[Web page caption snippets]
--- START ---
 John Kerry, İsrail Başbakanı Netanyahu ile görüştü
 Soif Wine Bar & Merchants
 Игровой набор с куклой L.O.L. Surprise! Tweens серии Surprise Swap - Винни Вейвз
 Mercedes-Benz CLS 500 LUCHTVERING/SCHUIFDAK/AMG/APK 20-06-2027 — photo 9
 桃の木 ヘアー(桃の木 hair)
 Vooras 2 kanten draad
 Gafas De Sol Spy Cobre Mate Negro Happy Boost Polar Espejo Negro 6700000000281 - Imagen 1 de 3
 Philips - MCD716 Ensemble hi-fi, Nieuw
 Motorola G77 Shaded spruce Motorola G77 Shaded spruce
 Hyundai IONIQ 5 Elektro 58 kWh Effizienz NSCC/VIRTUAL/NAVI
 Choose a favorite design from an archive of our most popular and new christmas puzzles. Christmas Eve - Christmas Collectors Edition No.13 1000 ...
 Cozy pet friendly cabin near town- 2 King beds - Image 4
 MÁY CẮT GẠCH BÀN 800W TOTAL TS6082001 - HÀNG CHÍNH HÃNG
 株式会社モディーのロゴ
--- END ---
## Exercise prompt:
Transcribe exactly, and only, the lines from the one with "Motorola G77 Shaded spruce Motorola" through the last line of the data.

## Answer space:
 Motorola G77 Shaded spruce Motorola G77 Shaded spruce
 Hyundai IONIQ 5 Elektro 58 kWh Effizienz NSCC/VIRTUAL/NAVI
 Choose a favorite design from an archive of our most popular and new christmas puzzles. Christmas Eve - Christmas Collectors Edition No.13 1000 ...
 Cozy pet friendly cabin near town- 2 King beds - Image 4
 MÁY CẮT GẠCH BÀN 800W TOTAL TS6082001 - HÀNG CHÍNH HÃNG
 株式会社モディーのロゴ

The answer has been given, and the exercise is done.